From smoke detectors in smart homes to shipments in logistics, robots in Industry 4.0, connected systems in production and vehicles on the road: around 30 billion devices are currently interacting in the Internet of Things (IoT) worldwide. The ongoing digitalisation of industrial and commercial enterprises is driving this trend forward: in just five years, up to 75 billion devices, buildings, machines, goods and vehicles are expected to exchange data with each other via the Internet. This is the prediction of market researchers at IHS. This opens up new revenue opportunities and new business models for the economy, but also poses new challenges for infrastructure: 2G (GSM standard) capacities are no longer sufficient for many industrial applications. They will be phased out in several countries in the near future or have already been switched off.
Powerful mobile technologies for the Internet of Things, such as NarrowBand IoT (NB-IoT, also known as CAT-NB1) and LTE-M (Long Term Evolution for Machine Type Communication, CAT-M1), are essential for this rapidly growing network. Both mobile communications standards are so-called Low Power Wide Area Networks (LPWA networks): their radio modules and transmission require little energy, but still score points with their long range. NB-IoT and LTE-M networks are based on 4G (LTE), but are also part of the 5G standard for Massive Machine Type Communications (mMTC).

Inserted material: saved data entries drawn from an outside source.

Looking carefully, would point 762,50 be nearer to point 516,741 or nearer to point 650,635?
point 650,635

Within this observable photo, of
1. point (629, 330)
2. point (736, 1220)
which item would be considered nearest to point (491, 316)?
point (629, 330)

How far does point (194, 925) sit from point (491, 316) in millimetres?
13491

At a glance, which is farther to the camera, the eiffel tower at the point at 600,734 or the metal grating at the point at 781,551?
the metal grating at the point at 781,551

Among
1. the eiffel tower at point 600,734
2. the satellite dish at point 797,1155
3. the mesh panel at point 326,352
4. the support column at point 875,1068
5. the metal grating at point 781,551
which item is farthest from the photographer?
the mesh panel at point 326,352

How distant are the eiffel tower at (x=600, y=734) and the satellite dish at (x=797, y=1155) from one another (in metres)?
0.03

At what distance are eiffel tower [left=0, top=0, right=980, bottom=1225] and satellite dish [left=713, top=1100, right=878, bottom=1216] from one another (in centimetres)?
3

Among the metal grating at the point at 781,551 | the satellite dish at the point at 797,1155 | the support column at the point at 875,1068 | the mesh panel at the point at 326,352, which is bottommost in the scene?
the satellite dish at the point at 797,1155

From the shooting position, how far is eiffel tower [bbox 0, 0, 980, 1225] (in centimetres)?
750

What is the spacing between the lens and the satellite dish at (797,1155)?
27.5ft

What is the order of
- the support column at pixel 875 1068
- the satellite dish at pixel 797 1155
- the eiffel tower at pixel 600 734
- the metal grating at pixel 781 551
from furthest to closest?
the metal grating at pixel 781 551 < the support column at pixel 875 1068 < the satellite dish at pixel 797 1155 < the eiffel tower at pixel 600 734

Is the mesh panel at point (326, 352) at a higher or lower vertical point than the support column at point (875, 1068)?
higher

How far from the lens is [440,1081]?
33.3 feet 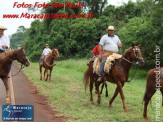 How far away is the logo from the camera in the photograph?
6.50 metres

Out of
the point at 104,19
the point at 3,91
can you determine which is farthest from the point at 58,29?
the point at 3,91

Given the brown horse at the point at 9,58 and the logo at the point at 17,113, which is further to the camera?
the brown horse at the point at 9,58

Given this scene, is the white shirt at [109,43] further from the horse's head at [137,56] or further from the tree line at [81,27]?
the tree line at [81,27]

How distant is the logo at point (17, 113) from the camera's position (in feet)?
21.3

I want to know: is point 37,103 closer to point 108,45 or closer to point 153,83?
point 108,45

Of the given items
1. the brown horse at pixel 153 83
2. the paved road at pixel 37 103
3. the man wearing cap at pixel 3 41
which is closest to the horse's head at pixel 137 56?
the brown horse at pixel 153 83

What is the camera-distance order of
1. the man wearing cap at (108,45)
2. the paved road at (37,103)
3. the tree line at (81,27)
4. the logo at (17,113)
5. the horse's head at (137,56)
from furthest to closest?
the tree line at (81,27) → the man wearing cap at (108,45) → the horse's head at (137,56) → the paved road at (37,103) → the logo at (17,113)

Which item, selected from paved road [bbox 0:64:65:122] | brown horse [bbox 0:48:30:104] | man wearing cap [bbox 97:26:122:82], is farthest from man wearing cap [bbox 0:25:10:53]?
man wearing cap [bbox 97:26:122:82]

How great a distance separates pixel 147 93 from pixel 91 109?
Result: 196 centimetres

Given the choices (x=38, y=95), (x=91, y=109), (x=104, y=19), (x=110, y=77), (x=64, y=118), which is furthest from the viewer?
(x=104, y=19)

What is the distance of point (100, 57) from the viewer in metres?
8.59

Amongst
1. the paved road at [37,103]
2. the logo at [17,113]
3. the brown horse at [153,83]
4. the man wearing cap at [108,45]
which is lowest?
the paved road at [37,103]

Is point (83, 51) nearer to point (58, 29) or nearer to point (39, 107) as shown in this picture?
point (58, 29)

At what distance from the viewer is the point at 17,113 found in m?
6.94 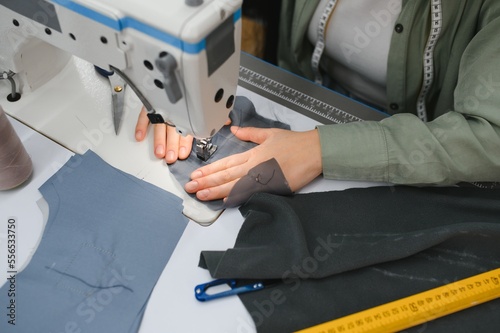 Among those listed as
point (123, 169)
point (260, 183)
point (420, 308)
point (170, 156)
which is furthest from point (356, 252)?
point (123, 169)

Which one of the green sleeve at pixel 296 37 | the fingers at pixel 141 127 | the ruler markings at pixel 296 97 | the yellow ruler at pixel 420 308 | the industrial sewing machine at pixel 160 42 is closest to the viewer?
the industrial sewing machine at pixel 160 42

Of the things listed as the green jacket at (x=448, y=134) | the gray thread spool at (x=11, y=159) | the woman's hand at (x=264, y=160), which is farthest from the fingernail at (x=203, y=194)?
the gray thread spool at (x=11, y=159)

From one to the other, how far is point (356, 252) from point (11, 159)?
87 centimetres

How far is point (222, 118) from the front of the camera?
1059 mm

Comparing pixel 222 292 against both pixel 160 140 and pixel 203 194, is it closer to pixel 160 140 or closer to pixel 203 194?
pixel 203 194

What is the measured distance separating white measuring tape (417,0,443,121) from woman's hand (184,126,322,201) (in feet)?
1.61

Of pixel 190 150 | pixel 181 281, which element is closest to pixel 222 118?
pixel 190 150

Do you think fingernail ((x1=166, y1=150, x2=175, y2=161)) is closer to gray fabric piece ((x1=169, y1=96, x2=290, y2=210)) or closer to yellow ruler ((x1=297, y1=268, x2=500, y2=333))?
gray fabric piece ((x1=169, y1=96, x2=290, y2=210))

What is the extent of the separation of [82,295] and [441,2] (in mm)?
1244

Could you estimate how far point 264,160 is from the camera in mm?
1232

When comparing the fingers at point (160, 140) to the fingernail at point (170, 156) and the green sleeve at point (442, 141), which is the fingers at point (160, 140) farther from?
the green sleeve at point (442, 141)

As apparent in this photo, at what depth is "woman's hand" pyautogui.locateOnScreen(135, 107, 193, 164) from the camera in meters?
1.25

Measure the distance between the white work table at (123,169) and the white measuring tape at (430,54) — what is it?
44 centimetres

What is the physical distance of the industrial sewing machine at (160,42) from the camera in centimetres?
85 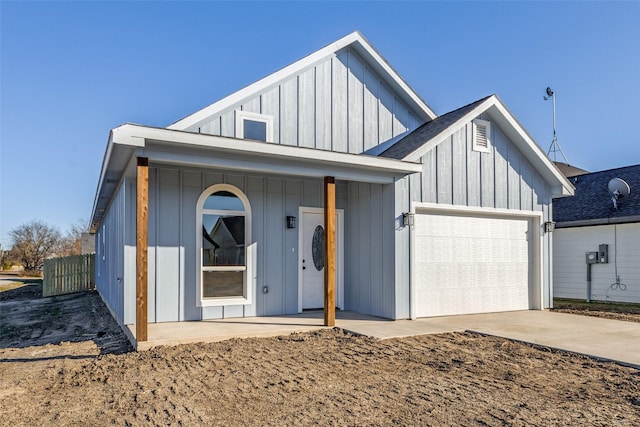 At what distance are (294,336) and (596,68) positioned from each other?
13687mm

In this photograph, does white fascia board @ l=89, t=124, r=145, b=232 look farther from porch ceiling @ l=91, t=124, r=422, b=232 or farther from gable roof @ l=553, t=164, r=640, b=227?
gable roof @ l=553, t=164, r=640, b=227

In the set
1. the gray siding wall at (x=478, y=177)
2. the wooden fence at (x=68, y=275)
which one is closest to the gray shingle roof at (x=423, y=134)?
the gray siding wall at (x=478, y=177)

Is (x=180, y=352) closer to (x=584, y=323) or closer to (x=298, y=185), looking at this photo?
(x=298, y=185)

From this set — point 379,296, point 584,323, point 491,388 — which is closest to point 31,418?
point 491,388

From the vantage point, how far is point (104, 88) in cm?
1510

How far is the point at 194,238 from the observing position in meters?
7.64

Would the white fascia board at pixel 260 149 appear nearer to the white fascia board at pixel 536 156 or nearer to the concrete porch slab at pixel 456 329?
the white fascia board at pixel 536 156

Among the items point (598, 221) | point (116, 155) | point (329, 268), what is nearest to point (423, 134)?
point (329, 268)

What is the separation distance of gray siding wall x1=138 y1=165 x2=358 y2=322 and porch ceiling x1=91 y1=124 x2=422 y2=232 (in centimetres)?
88

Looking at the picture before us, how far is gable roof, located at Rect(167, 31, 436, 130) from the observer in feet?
26.5

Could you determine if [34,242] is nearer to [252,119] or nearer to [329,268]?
[252,119]

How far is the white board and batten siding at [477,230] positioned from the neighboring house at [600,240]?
10.3ft

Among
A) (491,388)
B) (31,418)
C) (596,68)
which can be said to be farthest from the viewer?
(596,68)

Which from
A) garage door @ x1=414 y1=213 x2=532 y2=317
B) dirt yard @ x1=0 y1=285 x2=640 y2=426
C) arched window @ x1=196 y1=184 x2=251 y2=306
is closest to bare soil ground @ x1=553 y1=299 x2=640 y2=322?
garage door @ x1=414 y1=213 x2=532 y2=317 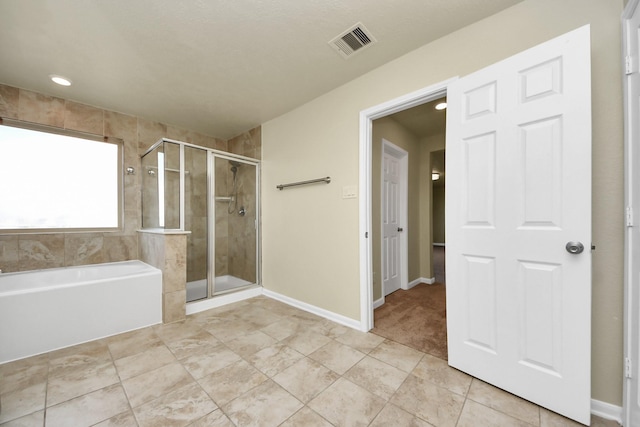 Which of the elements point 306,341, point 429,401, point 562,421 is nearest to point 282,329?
point 306,341

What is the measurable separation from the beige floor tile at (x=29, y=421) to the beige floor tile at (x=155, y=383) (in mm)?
335

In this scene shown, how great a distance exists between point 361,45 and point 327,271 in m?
2.03

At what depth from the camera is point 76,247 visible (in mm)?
2656

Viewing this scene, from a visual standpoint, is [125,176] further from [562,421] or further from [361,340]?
[562,421]

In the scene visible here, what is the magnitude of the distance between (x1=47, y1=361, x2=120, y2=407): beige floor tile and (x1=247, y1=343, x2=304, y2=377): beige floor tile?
0.87 m

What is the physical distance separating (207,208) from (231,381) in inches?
80.2

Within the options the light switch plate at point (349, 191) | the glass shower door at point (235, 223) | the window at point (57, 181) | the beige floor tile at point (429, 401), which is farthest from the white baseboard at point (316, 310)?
the window at point (57, 181)

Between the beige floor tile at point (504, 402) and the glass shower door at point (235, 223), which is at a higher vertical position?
the glass shower door at point (235, 223)

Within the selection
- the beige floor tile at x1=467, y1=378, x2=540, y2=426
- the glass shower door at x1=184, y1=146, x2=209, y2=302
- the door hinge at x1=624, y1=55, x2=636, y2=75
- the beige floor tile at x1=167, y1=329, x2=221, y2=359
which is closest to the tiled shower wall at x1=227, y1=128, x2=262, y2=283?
the glass shower door at x1=184, y1=146, x2=209, y2=302

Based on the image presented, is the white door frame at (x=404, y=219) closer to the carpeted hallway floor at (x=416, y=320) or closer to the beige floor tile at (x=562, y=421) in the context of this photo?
the carpeted hallway floor at (x=416, y=320)

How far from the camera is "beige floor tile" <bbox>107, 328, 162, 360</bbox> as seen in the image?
1.84 m

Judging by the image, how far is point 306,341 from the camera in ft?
6.53

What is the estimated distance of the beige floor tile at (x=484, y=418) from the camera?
3.84ft

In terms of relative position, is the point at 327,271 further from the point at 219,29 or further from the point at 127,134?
the point at 127,134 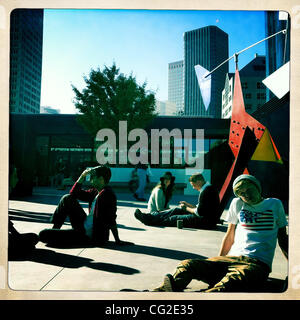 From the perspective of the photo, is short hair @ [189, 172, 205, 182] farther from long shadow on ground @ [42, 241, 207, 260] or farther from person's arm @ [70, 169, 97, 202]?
person's arm @ [70, 169, 97, 202]

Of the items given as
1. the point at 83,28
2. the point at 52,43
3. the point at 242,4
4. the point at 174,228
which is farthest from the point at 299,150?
the point at 174,228

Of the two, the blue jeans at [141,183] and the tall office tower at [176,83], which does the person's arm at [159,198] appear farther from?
the tall office tower at [176,83]

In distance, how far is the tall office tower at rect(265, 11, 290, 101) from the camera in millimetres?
2072

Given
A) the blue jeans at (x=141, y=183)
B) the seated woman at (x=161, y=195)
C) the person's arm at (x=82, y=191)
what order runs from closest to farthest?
the person's arm at (x=82, y=191) < the seated woman at (x=161, y=195) < the blue jeans at (x=141, y=183)

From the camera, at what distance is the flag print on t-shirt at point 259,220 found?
1993mm

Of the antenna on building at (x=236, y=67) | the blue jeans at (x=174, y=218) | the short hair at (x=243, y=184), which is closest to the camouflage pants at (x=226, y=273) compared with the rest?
the short hair at (x=243, y=184)

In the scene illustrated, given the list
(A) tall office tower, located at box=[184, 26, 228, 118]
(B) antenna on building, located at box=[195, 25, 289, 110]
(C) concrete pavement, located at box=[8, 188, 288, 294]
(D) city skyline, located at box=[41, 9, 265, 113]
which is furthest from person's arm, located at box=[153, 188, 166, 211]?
(D) city skyline, located at box=[41, 9, 265, 113]

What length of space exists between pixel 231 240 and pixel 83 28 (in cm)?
212

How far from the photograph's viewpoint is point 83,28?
2.28 meters

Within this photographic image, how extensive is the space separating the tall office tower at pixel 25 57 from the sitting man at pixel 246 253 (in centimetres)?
178

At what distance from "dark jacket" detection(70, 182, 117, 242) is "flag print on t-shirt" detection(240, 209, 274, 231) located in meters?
1.52

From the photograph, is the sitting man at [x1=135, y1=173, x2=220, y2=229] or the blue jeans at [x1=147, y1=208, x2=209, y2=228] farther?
the blue jeans at [x1=147, y1=208, x2=209, y2=228]

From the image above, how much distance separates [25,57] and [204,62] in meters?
1.72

Low-power machine networks are becoming even more powerful thanks to nuSIM, the integrated SIM (iSIM) designed specifically for the Internet of Things. With nuSIM, the functions of the SIM card are integrated directly into the communication chip. IoT devices with a nuSIM consume less power than those with a separate SIM card and are the right choice for particularly compact applications with long battery life, such as networked parking sensors, smart rubbish bins or cost-efficient trackers.
The 5G mobile communications standard will not only accelerate global machine networking once again. Everything will become smart – in all areas of life and work: from smart homes and smart offices to smart factories, smart production, smart logistics, smart farming and smart cities.